> Task details
Whatever precedes the line containing "Jiwoo Fantasy Boots for Genesis 8 Female(s) Jiwoo" is not copied; that line and every line after it through the final one below are copied exactly, except pictures.
%%
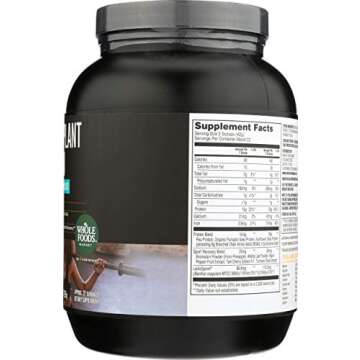 Whole Foods Market Sport Plant Protein Coconut Almond 33 oz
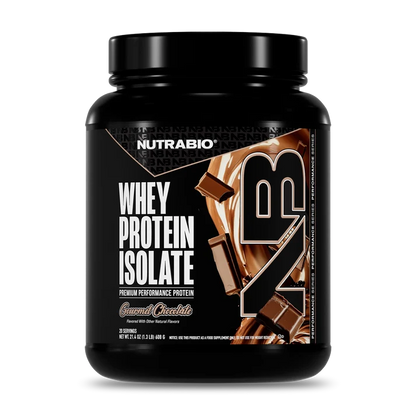 NutraBio Whey Protein Isolate Powder (20 Servings)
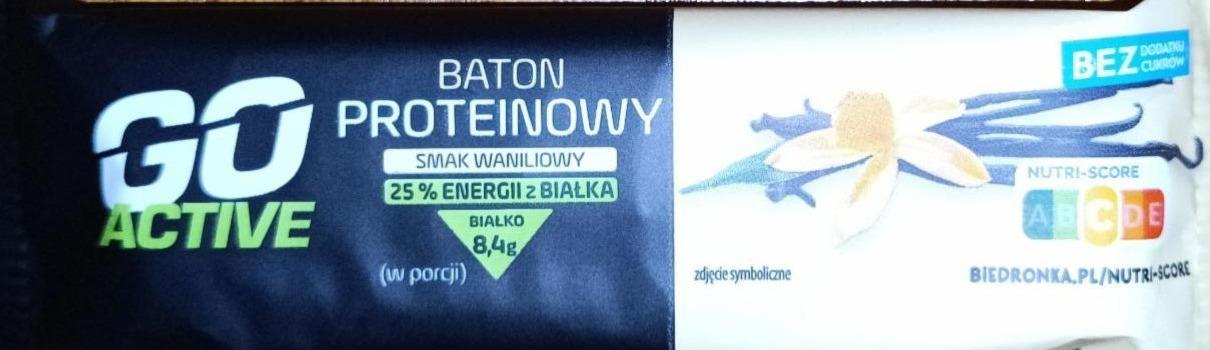 Zdjęcia - Baton proteinowy smak waniliowy Go Active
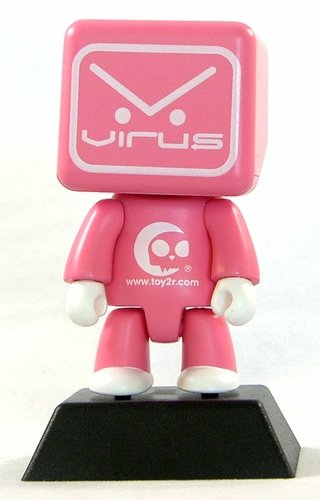 Virus Pink figure by Virus Marketing, produced by Toy2R. Front view.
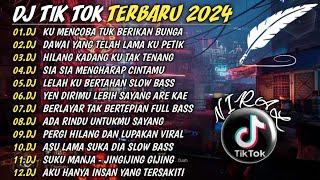 DJ VIRAL TIKTOK TERBARU 2024 FULL BASS  | DJ KU COBA TUK BERIKAN BUNGA REMIX TERBARU 2024 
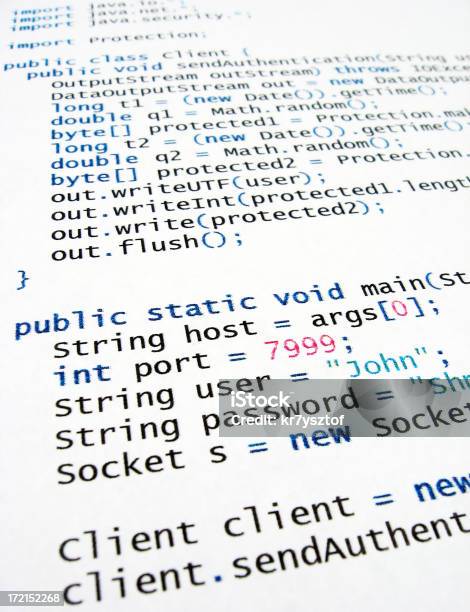 Código De Java Foto de stock y más banco de imágenes de Lenguaje de ordenadores - Lenguaje de ordenadores, Letra C, Cliente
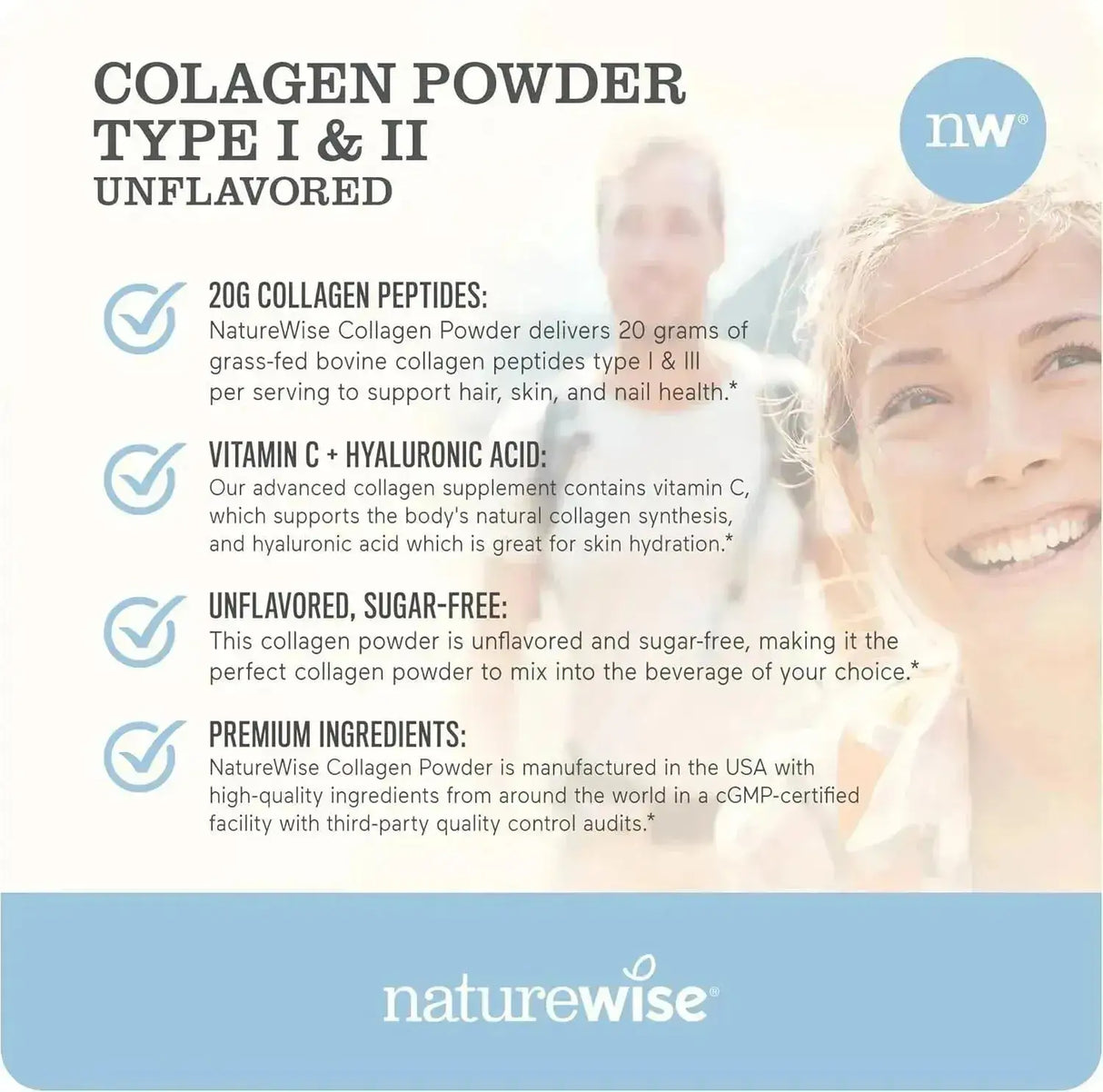 NATUREWISE - NatureWise Collagen Peptides Powder with Hyaluronic Acid and Vitamin C 1,250Gr. - The Red Vitamin MX - Suplementos Alimenticios - {{ shop.shopifyCountryName }}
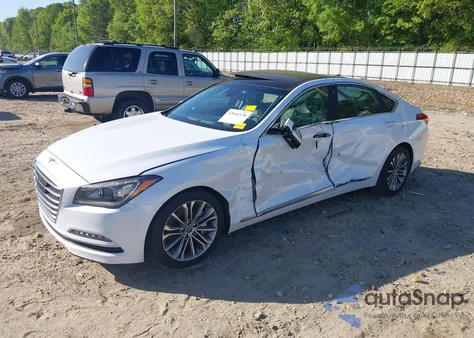 2016 Hyundai Genesis 3.8 from USA, damaged, VIN KMHGN4JE5GU107318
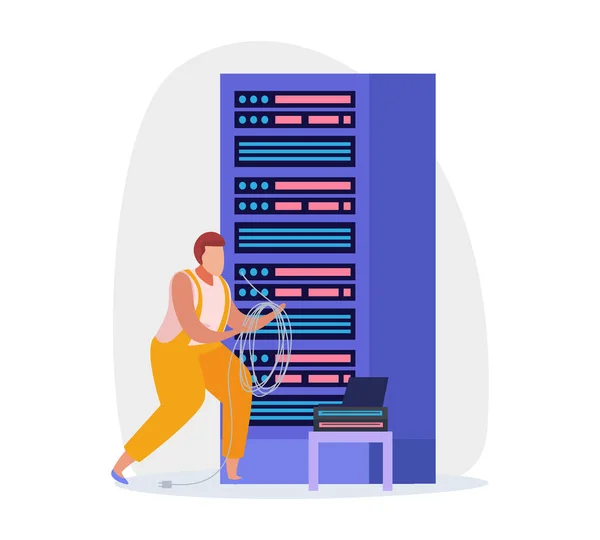 Administrador de sistema plano — Archivo Imágenes Vectoriales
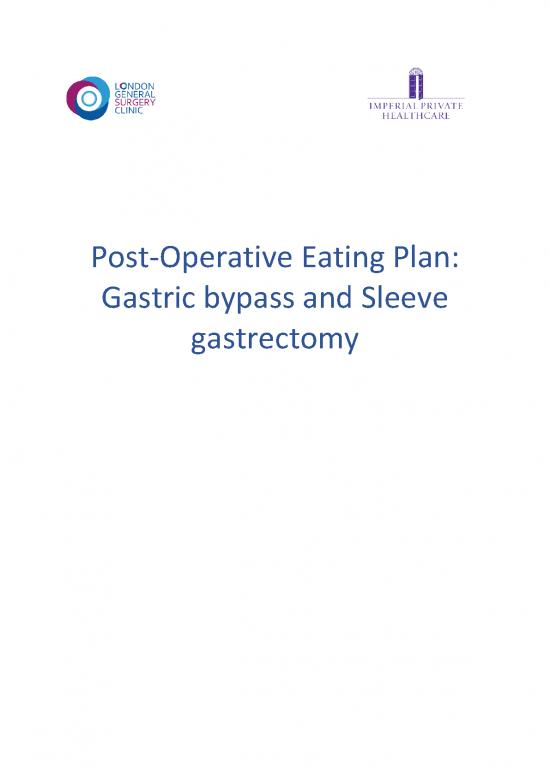 picture Protein Diet Pdf 148634 | 2020 Post Op Diet Bariatric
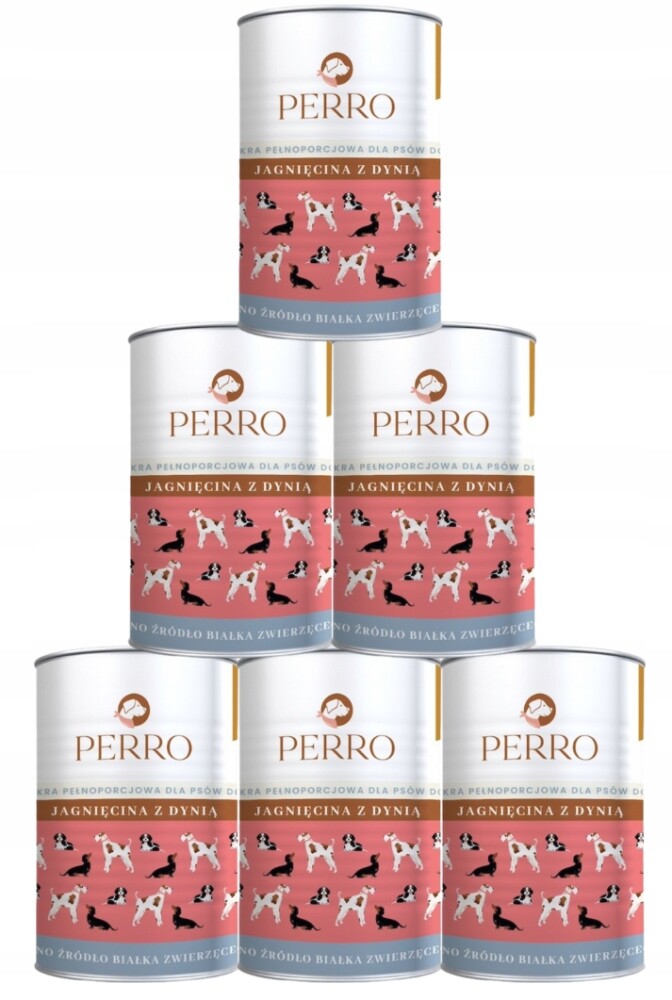 Set Perro Jehněčí s dýní 6x410g monoproteinová pro dospělé psy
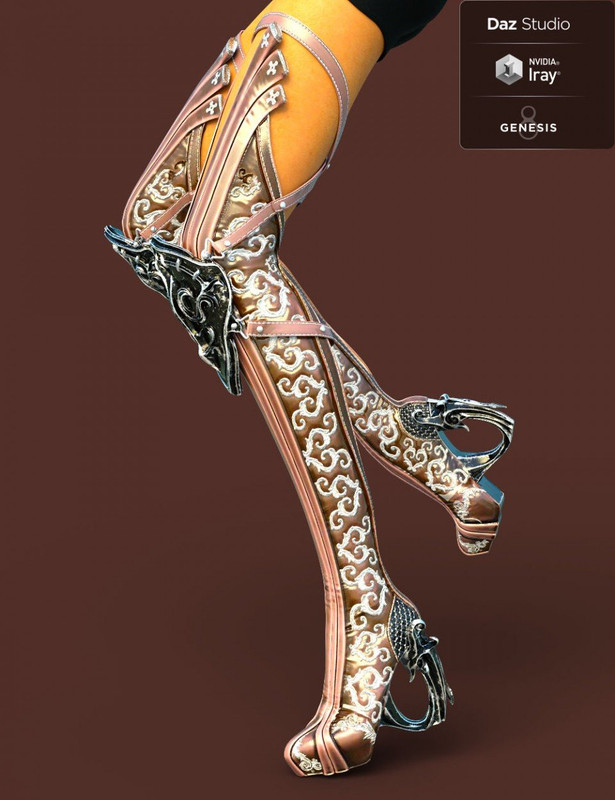 Jiwoo Fantasy Boots for Genesis 8 Female(s) Jiwoo Fantasy Boots for Genesis 8 Female(s)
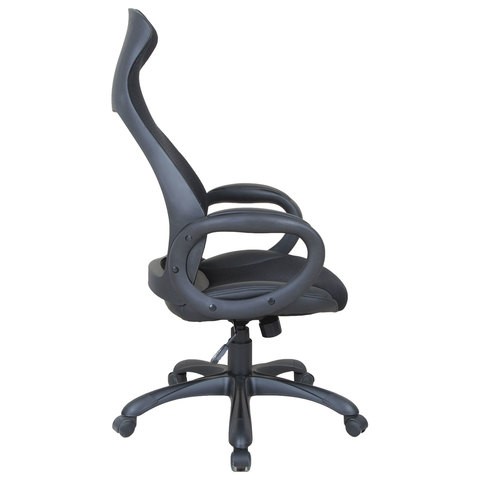 Кресло Brabix Premium Genesis EX-517 (пластик черный, ткань/экокожа/сетка черная)   531574 в Архангельске - изображение 2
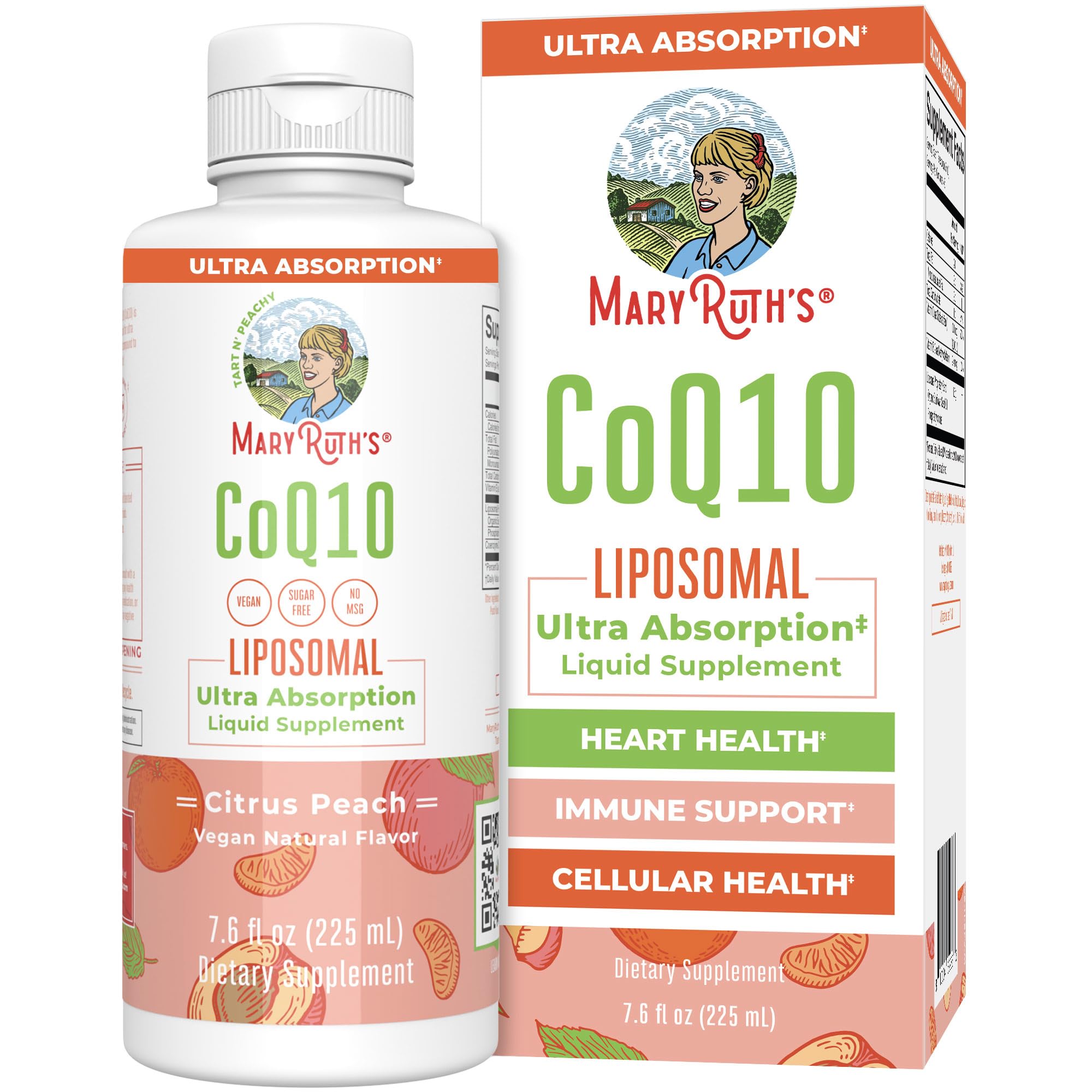 MaryRuth Organics Liquid Vitamin | Coenzyme Q10 Heart Health for Mitochondrial Support and Immune System | Vegan Non-GMO | 7.6 Fl Oz | 45 Servings MARYRUTH'S uk supplements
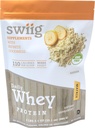 swiig Premium Daily Whey Protein Matrix Banana 2.2 lb – 20g Protein Gluten-Free Non-OGM Nessun filler nessun aroma artificiale potenziato con aminoacidi per il recupero del muscolo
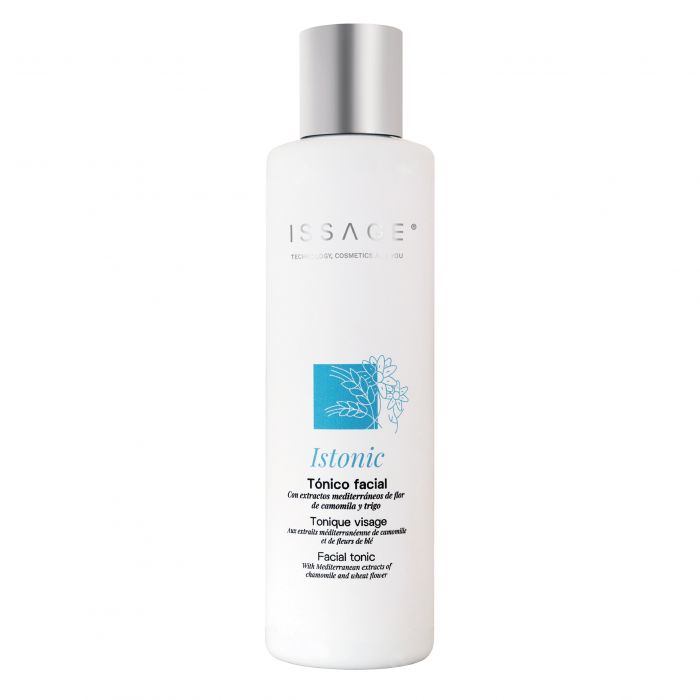 ISSAGE - ISTONIC - Facial toner<h2>Rebalances the skin, leaving it hydrated, luminous, smooth with a sensation of freshness and comfort</h2>
 
<div style=margin-left:30px;>
<ul>
<li type=disc>200 milliliters</li>
<li type=disc>Helps restore skin balance</li>
<li type=disc>Prepares the skin making it receptive to treatments</li>
</ul>
</div>


ISTONIC is a gently scented toning solution that provides a sensation of freshness, completes cleansing by removing traces of make-up remover and surfactants, leaving the skin gently hydrated and ready for subsequent treatment (moisturizing cream or specific cosmetic product).


<h2>Cosmetics made with Mediterranean plant extracts</h2>

Chamomile extract.
 Hamamelis extract.
 Pectin.
 Amino acids.
 Red algae extract.
 Wheat protein hydrolyzate.



In combination with Issage devices, optimal results are achieved, deeply moisturizing and helping to protect the skin.

<h2>RECOMMENDED DEVICES</h2>
<a href=/eng/catalogsearch/result/?q=CLEANLIGHT target=_self>CLEANLIGHT - Electric facial cleanser</a>

<a href=/eng/catalogsearch/result/?q=DUAL+PURE target=_self>DUAL PURE - Facial cleansing brush</a>

<a href=/eng/catalogsearch/result/?q=SCLEAN target=_self>SCLEAN - Rechargeable Sonic Facial Cleanser with Accessories</a>

<a href=/eng/catalogsearch/result/?q=GIROCLEAN target=_self>GIROCLEAN - 4-in-1 facial cleansing brush</a>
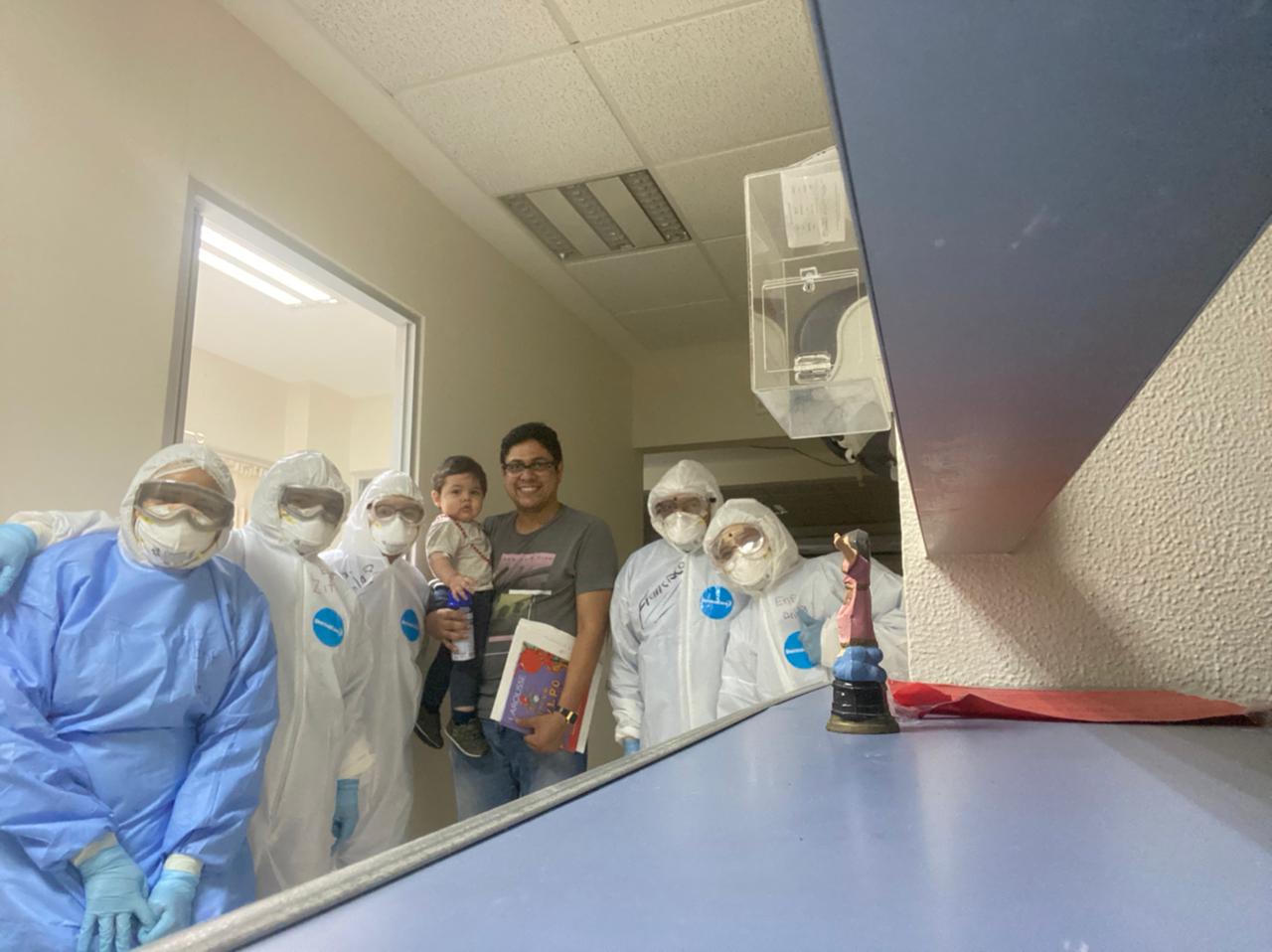Bebé de un año es dado de alta en ISSSTE de Coatzacoalcos tras padecer coronavirus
%%
> Task response
 Jiwoo Fantasy Boots for Genesis 8 Female(s) Jiwoo Fantasy Boots for Genesis 8 Female(s)
 Кресло Brabix Premium Genesis EX-517 (пластик черный, ткань/экокожа/сетка черная)   531574 в Архангельске - изображение 2
 MaryRuth Organics Liquid Vitamin | Coenzyme Q10 Heart Health for Mitochondrial Support and Immune System | Vegan Non-GMO | 7.6 Fl Oz | 45 Servings MARYRUTH'S uk supplements
 swiig Premium Daily Whey Protein Matrix Banana 2.2 lb – 20g Protein Gluten-Free Non-OGM Nessun filler nessun aroma artificiale potenziato con aminoacidi per il recupero del muscolo
 ISSAGE - ISTONIC - Facial toner<h2>Rebalances the skin, leaving it hydrated, luminous, smooth with a sensation of freshness and comfort</h2>
 
<div style=margin-left:30px;>
<ul>
<li type=disc>200 milliliters</li>
<li type=disc>Helps restore skin balance</li>
<li type=disc>Prepares the skin making it receptive to treatments</li>
</ul>
</div>


ISTONIC is a gently scented toning solution that provides a sensation of freshness, completes cleansing by removing traces of make-up remover and surfactants, leaving the skin gently hydrated and ready for subsequent treatment (moisturizing cream or specific cosmetic product).


<h2>Cosmetics made with Mediterranean plant extracts</h2>

Chamomile extract.
 Hamamelis extract.
 Pectin.
 Amino acids.
 Red algae extract.
 Wheat protein hydrolyzate.



In combination with Issage devices, optimal results are achieved, deeply moisturizing and helping to protect the skin.

<h2>RECOMMENDED DEVICES</h2>
<a href=/eng/catalogsearch/result/?q=CLEANLIGHT target=_self>CLEANLIGHT - Electric facial cleanser</a>

<a href=/eng/catalogsearch/result/?q=DUAL+PURE target=_self>DUAL PURE - Facial cleansing brush</a>

<a href=/eng/catalogsearch/result/?q=SCLEAN target=_self>SCLEAN - Rechargeable Sonic Facial Cleanser with Accessories</a>

<a href=/eng/catalogsearch/result/?q=GIROCLEAN target=_self>GIROCLEAN - 4-in-1 facial cleansing brush</a>
Bebé de un año es dado de alta en ISSSTE de Coatzacoalcos tras padecer coronavirus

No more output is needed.